__LISTED ENTRIES__.
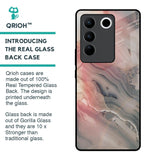 Pink And Grey Marble Glass Case For Vivo V27 5G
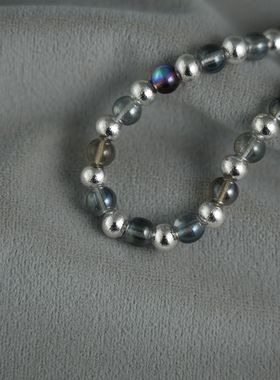 跨年新款天然石手链冬季轻奢小众简约设计感拉丝工艺多色串珠手链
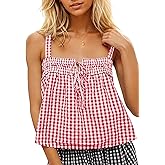 synound Women Plaid Cropped Camisole Tops Ruched Tie Front Square Neck Backless Loose Cute Crop Cami Tank Adjustable Top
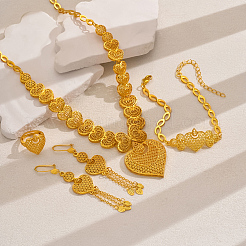 Luxurious Middle Eastern Alloy Hollow Heart Pendant Tassel Bracelets & Earrings & Necklaces & Rings Sets&nbsp;XT0029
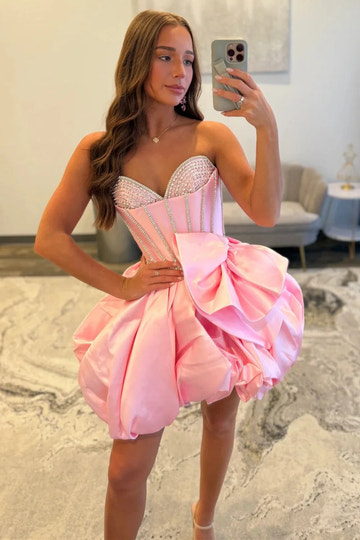 Charming A-line Sweetheart Sleeveless Satin Short Rhinestone Bow Bubble-hem Homecoming Dress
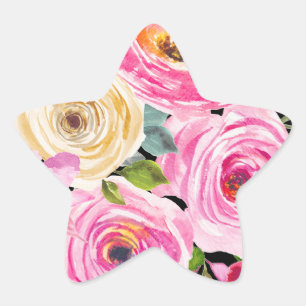 Rose in Rosa und Creme auf Schwarz Stern-Aufkleber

__WHAT THE TASK ASKS__.
Write the lines from the one with "跨年新款天然石手链冬季轻奢小众简约设计感拉丝工艺多色串珠手链" through the last line of the entries out again exactly, both ends included, and skip the pictures.

__RESULT__.
 跨年新款天然石手链冬季轻奢小众简约设计感拉丝工艺多色串珠手链
 synound Women Plaid Cropped Camisole Tops Ruched Tie Front Square Neck Backless Loose Cute Crop Cami Tank Adjustable Top
 Luxurious Middle Eastern Alloy Hollow Heart Pendant Tassel Bracelets & Earrings & Necklaces & Rings Sets&nbsp;XT0029
 Charming A-line Sweetheart Sleeveless Satin Short Rhinestone Bow Bubble-hem Homecoming Dress
 Rose in Rosa und Creme auf Schwarz Stern-Aufkleber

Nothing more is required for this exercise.